In their manifesto, Skerritt and Shallow also stated that they would propose capping the tenure of the CWI presidency to a maximum of six years. “I am convinced that a presidential term limit will remove much of the uncertainty and anxiety caused by the cricket politics and excesses that too often surround the office of president,” Shallow had said at the time.
In a parting note, issued by CWI, Cameron and Nanthan noted the board members had “trusted” them to “safeguard” the West Indies team, “the region’s most valuable asset”.
Listing some of their achievements, the pair said they were “happy” to be leaving having handed contracts to 123 players, creating a “home” for the board at Coolidge Cricket Grounds in Antigua, overseeing West Indies men’s team winning the recent Test series against England at home and the “world championships” which included the twin men’s World T20s titles which Darren Sammy’s team won in 2012 and 2016 as well as the women’s World T20 and Under-19 World Cup in 2016.
“More than anything else we have a fit youthful team that is prepared to face the world,” Cameron and Nanthan said in the statement.
It remains to be seen, though, whether the players, especially some of the senior ones like Sammy, would agree with Cameron’s self-appraisal. Sammy is among several senior West Indies players who have had fallouts with Cameron. The biggest player revolt against Cameron took place in 2014 when Dwayne Bravo and his squad decided to abandon the tour of India over contractual disputes with CWI.

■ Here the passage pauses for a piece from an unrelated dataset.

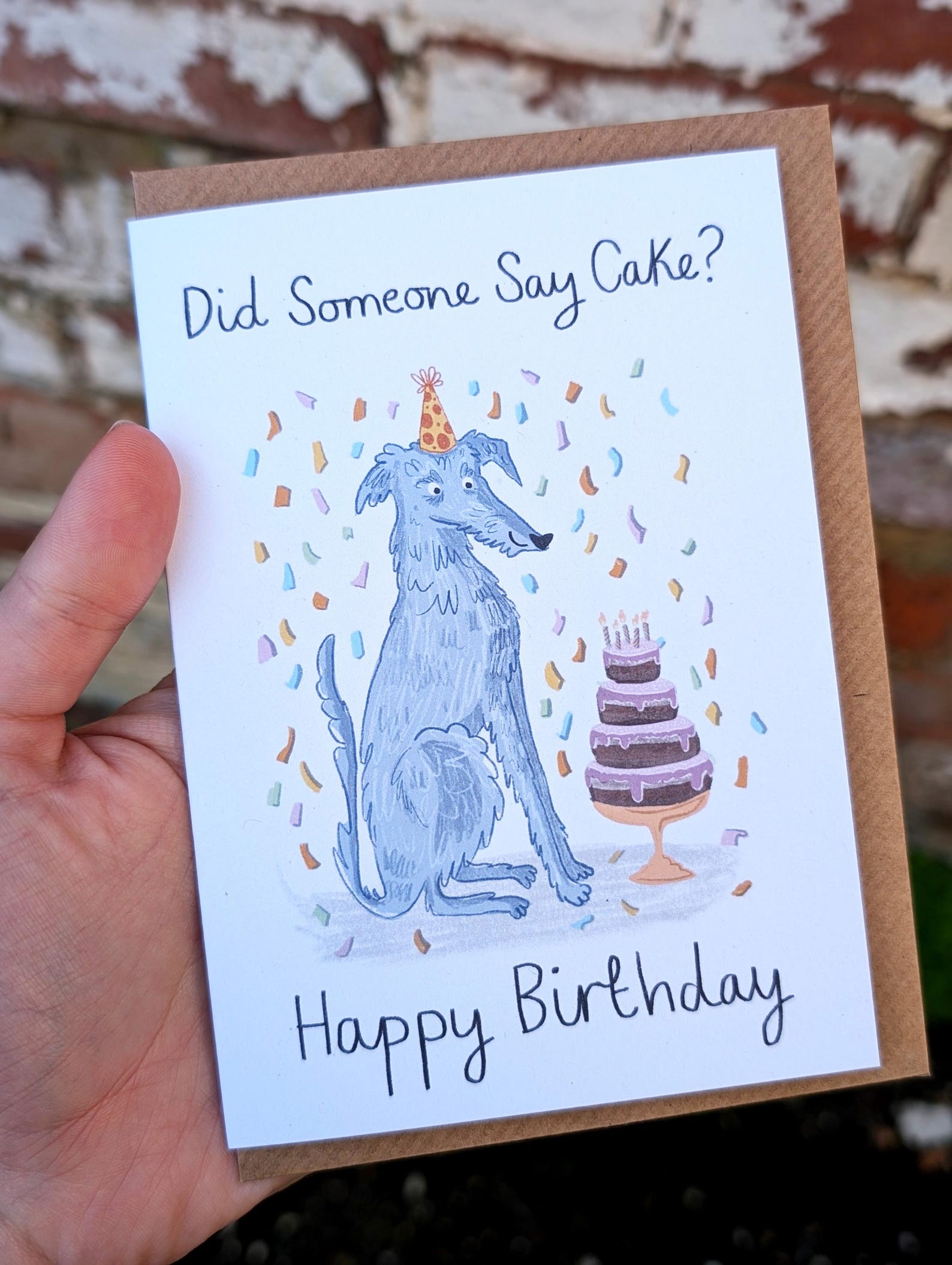 Funny Dog Birthday Card: Recycled Card Stock, Cake Design - Etsy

Cameron also played a big role in the suspension and eventual sacking of head coach Phil Simmons in 2016 under controversial circumstances. Simmons, who is currently Afghanistan coach, has claimed damages worth more than US $300,000. Simmons said he was seeking damages for constructive dismissal.
More recently, Cameron played a big hand in getting Richard Pybus as the interim head coach at least until August, a period that encompasses the 2019 World Cup and India’s visit to the Caribbean. His appointment came in the wake of Stuart Law leaving the position last December, despite his contract being till the upcoming World Cup, which will be held from May to July.
Pybus, who was West Indies’ high-performance director, has never been popular in the Caribbean, with former West Indies opener Desmond Haynes publicly asking Cameron whether the job had been advertised.